Will Black Friday UK 2015 be a washout?

Bryan Roberts

Insights Director

Retail 27.11.2015 / 11:30

Umbrella in the rain

Anecdotal evidence suggests Black Friday on the high street has been something of a damp squib

TV crews outnumbered shoppers on London's Oxford Street, while many stores that we visited were virtually deserted. Only electricals retailer Currys and a couple of department stores were showing any signs of incremental business.

If observations on social media are to be believed, it also appears that participating supermarkets such as Tesco and Sainsbury's were not exactly rushed off their feet during early trading. A couple of retailers, including Debenhams, have asserted that they are anticipating a decent uptick in shoppers after people finish work, but it remains to be seen if this more of an optimistic wish rather than a scientific forecast. 

So, why is it that the anticipated instore Black Friday frenzy has seemingly failed to materialise?

Public apathy: A survey of over 3,000 shoppers from Kantar's Lightspeed GMI showed that 57% of British shoppers had no plans to buy an item in the Black Friday sale (up from 55% in 2014).

The weather: It's a typical British day out there - a mix of wind and rain will not have encouraged many shoppers to get out of bed at four O'clock in the morning for the chance of picking up a cheap TV.
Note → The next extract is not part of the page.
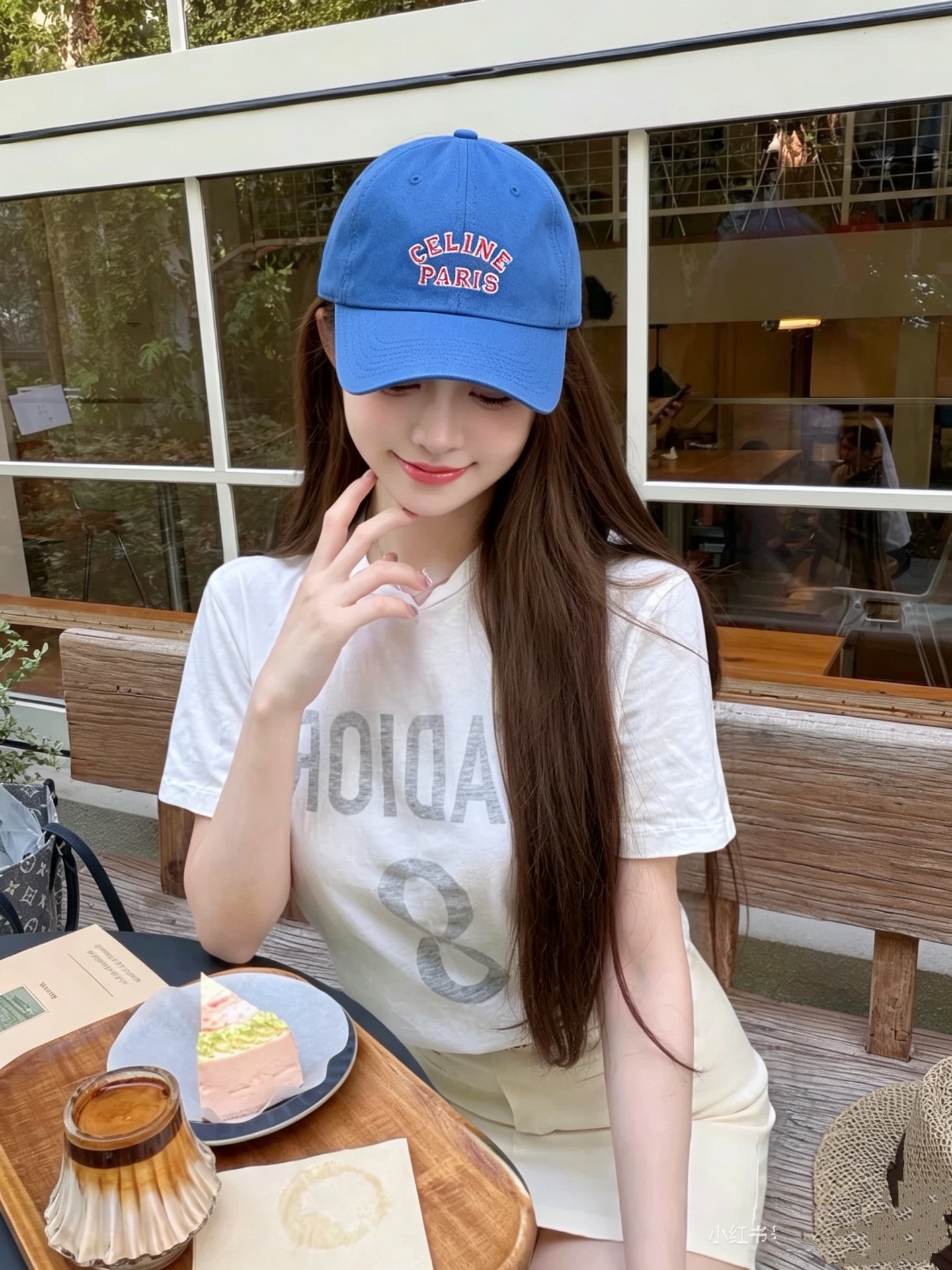 CELINE经典刺绣款，万能白搭棒球帽🧢 软乎乎水洗棉材质，修饰头型巨显脸小 多色可选，日常出门随手一戴，随性松弛感直接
Last year: While the likes of Tesco have put in place much improved planning and resources in terms of crowd management, a number of shoppers will have been put off by the footage and reports of overcrowding, stampedes and violence that marred Black Friday in 2014.

Asda: Asda's well-publicised decision to shun Black Friday in 2015, citing their shoppers' disinterest in the event, will have at least subliminally cooled the ardour of other shoppers towards Black Friday this year.

Promotional spread: To avoid the damaging peak in online traffic and ecommerce fulfilment a large number of retailers have elongated their Black Friday endeavours across several days, even an entire week. The overall net impact on spending might be broadly similar, but this spend will obviously be diluted across a broader time frame meaning that the sales on Friday itself will be lower than they could have been.

Online: It seems certain that 'Black Friday' will largely be an online event this year, with shoppers opting for the convenience of home delivery or click & collect rather than braving a trip to the high street, retail park or shopping centre. Dixons Carphone has confirmed that it has been doing very brisk trade indeed so far today and has noted that it is expecting three million online visits today and 10 purchases per second at peak periods.   

Overall, there is little doubt that Black Friday (or the elongated version of it) will be a huge sales event for the UK retail sector, with Experian-IMRG predicting that sales will be up 32% to £1.07 billion. It just seems that stores will not be where most of this occurs.